Unfortunately a tolerance to caffeine, which is aptly named ''caffeine tolerance'' is formed quickly when you have a high caffeine intake. One study showed that nearly complete caffeine tolerance could occur in as little as 1-4 days. This is what is known as an 'insurmountable' tolerance, meaning that drinking more won't fix the problem, unlike other tolerances to other substances.
Caffeine And Exercise
As I mentioned before, caffeine is a primary ingredient in pre-workout supplements and is used for its benefits on exercise performance. Caffeine increases aerobic exercise performance and has benefits on power output when either lifting weights or performing cardiovascular exercise. It also has been shown to increase training volume, and decrease perceived fatigue.
As you can see, caffeine and exercise work very well together. I mean, who doesn't want to train harder for longer and lift more when they are doing it. I guess the question is now; how does caffeine tolerance affect its benefits on exercise performance?
Caffeine's benefits on exercise endurance and time to fatigue don't seem to be affected with caffeine tolerance. But, unfortunately, caffeine's benefits on power output may suffer from increased tolerance.
The answer to this question depends on the reason you are taking caffeine. If you are taking caffeine to increase exercise endurance and performance, then building up a tolerance to caffeine won't have an adverse effect.
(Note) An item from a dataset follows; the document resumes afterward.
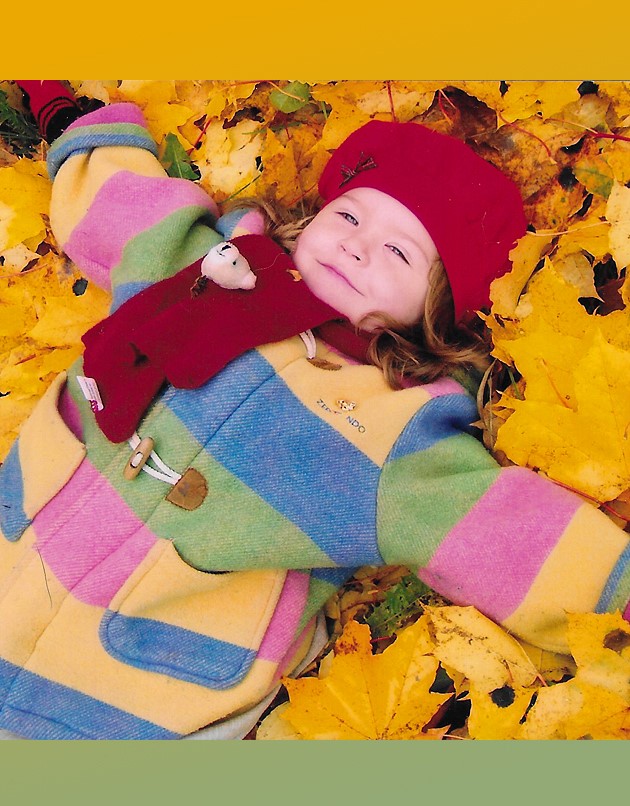 iloinen lapsi makaa värikkäässä lehtikasassa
Although, it may be less effective in increasing power output.
If you are taking caffeine for its benefits on focus, mood (euphoria), fat burning and appetite suppression, then you may want to look at cycling caffeine, as these effects are all negatively impacted by increased caffeine tolerance.
How Long To Cycle Off Caffeine?
There are mixed answers to this question, and it may vary depending on the individual. It is suggested by reliable sources, that cycling off caffeine for a month (this includes all caffeine beverages and sources) will reduce tolerance.
Other sites state that the process of cycling off caffeine can take anywhere from two weeks to two months and depends on the amount you were consuming.
This obviously applies to the ''cold turkey'' approach, completely cutting out caffeine from one's diet. You can also enhance the effects of caffeine when you consume it, simply by reducing your overall consumption.
There may be some cases where cycling caffeine could be beneficial for you, and this largely depends on the benefit you are trying to attain from it.
If you are looking to take caffeine for increased focus, mood, appetite suppression, and fat burning, then cycling it can increase the positive effects. If you are taking it for exercise performance, there is no real need to cycling it. Although, reducing your caffeine intake may help you feel the effects more.
If wish to cycle caffeine, try completely cutting out its consumption for anywhere between two and eight weeks depending on your previous use. This will have you feeling the full effects of caffeine once you start consuming it again.